FileMaker into Salesforce

I've been working on a project to integrate a very important legacy database built in FileMaker ('AM') into Salesforce. I decided to perform this integration by building a read-only, one-to-one copy of the AM record (the legacy database is not relational) and importing the entire database more or less unchanged. This approach ensures full retention of critical historical information, while allowing me to selectively merge information with Salesforce contacts using Apex, DemandTools, and Apsona.

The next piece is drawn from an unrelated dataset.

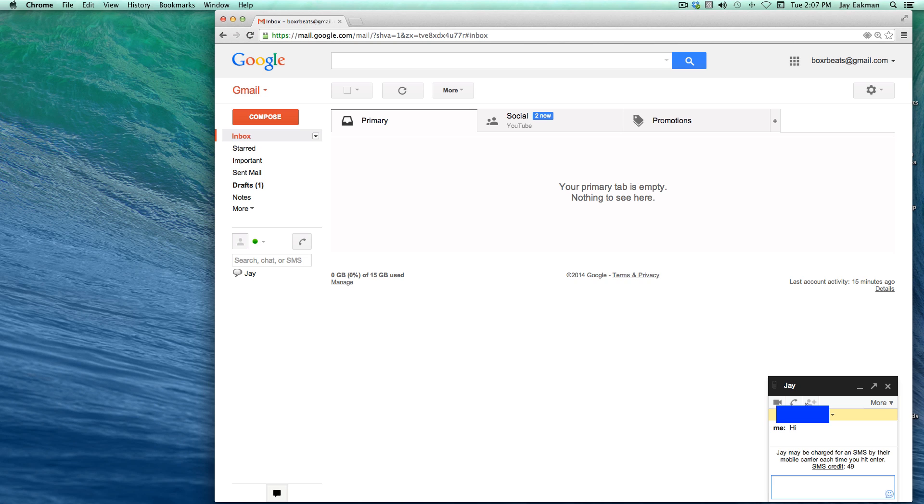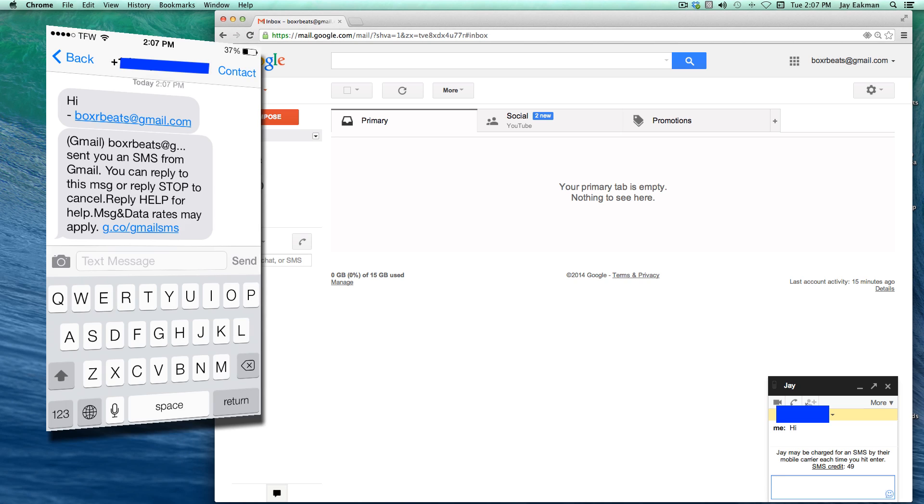Just saying that it sent me an SMS from Gmail. So I'll go ahead and just say hi back. And there you go, that's how you do it. Thanks.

As I began building the 'AM Record' object in Salesforce to represent the legacy records, I realized that the source FileMaker database held even more fields than I thought - over 500. That number exceeds the limit on custom fields on a Salesforce object, and it also would take forever to build by hand.

The obvious solution is a script. Unfortunately, FileMaker makes it difficult to extract information about the database structure in any format that can be manipulated. I didn't want to export the entire column set and infer typing, both because it's easy to get wrong and because the database contained roughly 100 calculation and summary fields that did not need to be migrated to Salesforce. (About 80% of these fields were equivalent to Salesforce rollups or formula fields, but weren't being used or were calculating based on obsolete data. The other 20% were providing values that were part of the user interface in the main FileMaker layout). I wanted to avoid hand-editing the column set in the export file, since I knew I would be iterating the import several times to get it right. I also couldn't pick and choose in building the export itself, since the export UI does not identify calculation fields or display sample data. I needed something that could be parsed and automated.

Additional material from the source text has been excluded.